> [HOW TO COMPLETE THIS TASK]
Your copy should match the entries exactly, with no images carried over.

> [RECORDED INFORMATION]

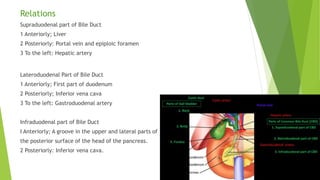 Relations
Supraduodenal part of Bile Duct
1 Anteriorly; Liver
2 Posteriorly: Portal vein and epiploic foramen
3 To the left: Hepatic artery
Lateroduodenal Part of Bile Duct
1 Anteriorly; First part of duodenum
2 Posteriorly; Inferior vena cava
3 To the left: Gastroduodenal artery
Infraduodenal part of Bile Duct
I Anteriorly; A groove in the upper and lateral parts of
the posterior surface of the head of the pancreas.
2 Posteriorly: Inferior vena cava.
 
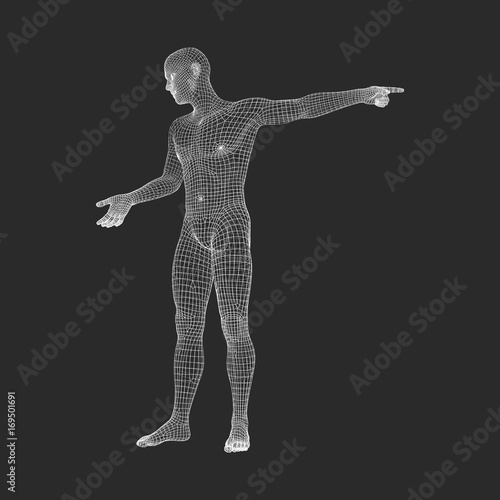 Fototapeta Naklejka Na Ścianę i Meble -  Man Pointing his Finger. 3D Model of Man. Geometric Design. Vector Illustration. 3d Polygonal Covering Skin. Human Polygon Body. Human Body Wire Model.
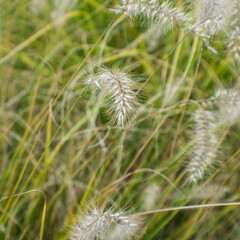 grass in the wind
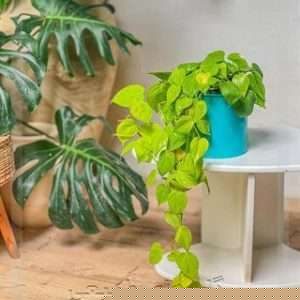 سفارش گل برای تحویل در كرج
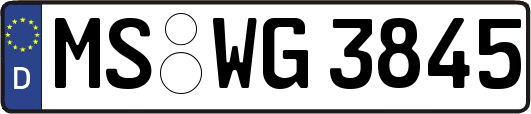 MS-WG3845
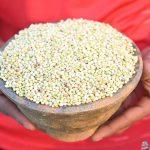 "كنز زراعي وتراث عريق".. شاهد سباق الأهالي في جازان لحصد "الخضير"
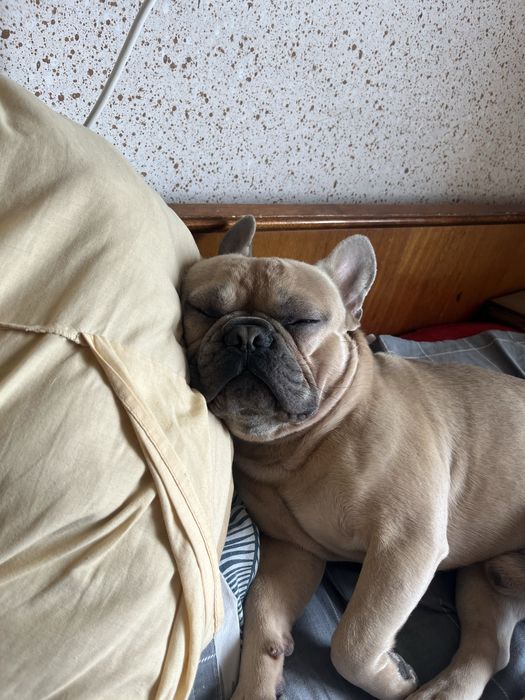 Вязка французкий бульдог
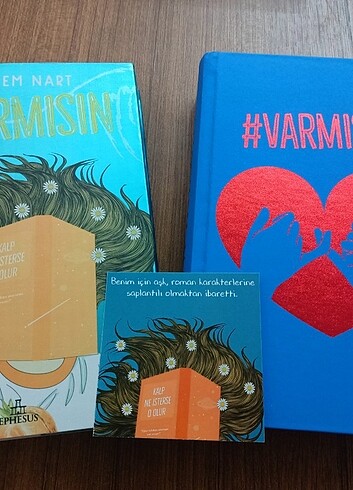 Varmısın 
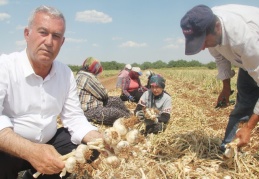 “Türkiye’deki sarımsak üretiminin yüzde 20’si burada yapılıyor”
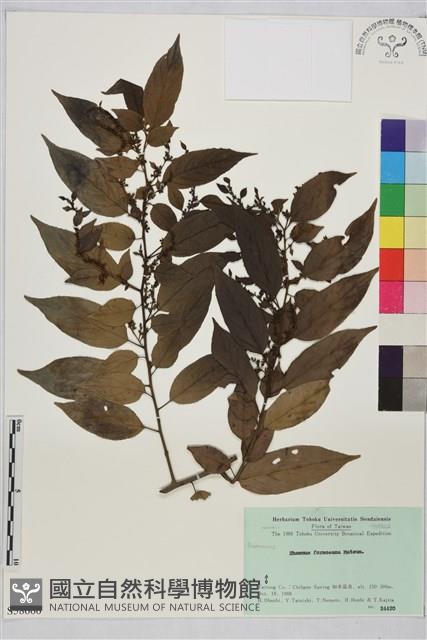 桶鉤藤藏品圖，第1張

> [SOLUTION TO THE EXERCISE]
 Relations
Supraduodenal part of Bile Duct
1 Anteriorly; Liver
2 Posteriorly: Portal vein and epiploic foramen
3 To the left: Hepatic artery
Lateroduodenal Part of Bile Duct
1 Anteriorly; First part of duodenum
2 Posteriorly; Inferior vena cava
3 To the left: Gastroduodenal artery
Infraduodenal part of Bile Duct
I Anteriorly; A groove in the upper and lateral parts of
the posterior surface of the head of the pancreas.
2 Posteriorly: Inferior vena cava.
 
 Fototapeta Naklejka Na Ścianę i Meble -  Man Pointing his Finger. 3D Model of Man. Geometric Design. Vector Illustration. 3d Polygonal Covering Skin. Human Polygon Body. Human Body Wire Model.
 grass in the wind
 سفارش گل برای تحویل در كرج
 MS-WG3845
 "كنز زراعي وتراث عريق".. شاهد سباق الأهالي في جازان لحصد "الخضير"
 Вязка французкий бульдог
 Varmısın 
 “Türkiye’deki sarımsak üretiminin yüzde 20’si burada yapılıyor”
 桶鉤藤藏品圖，第1張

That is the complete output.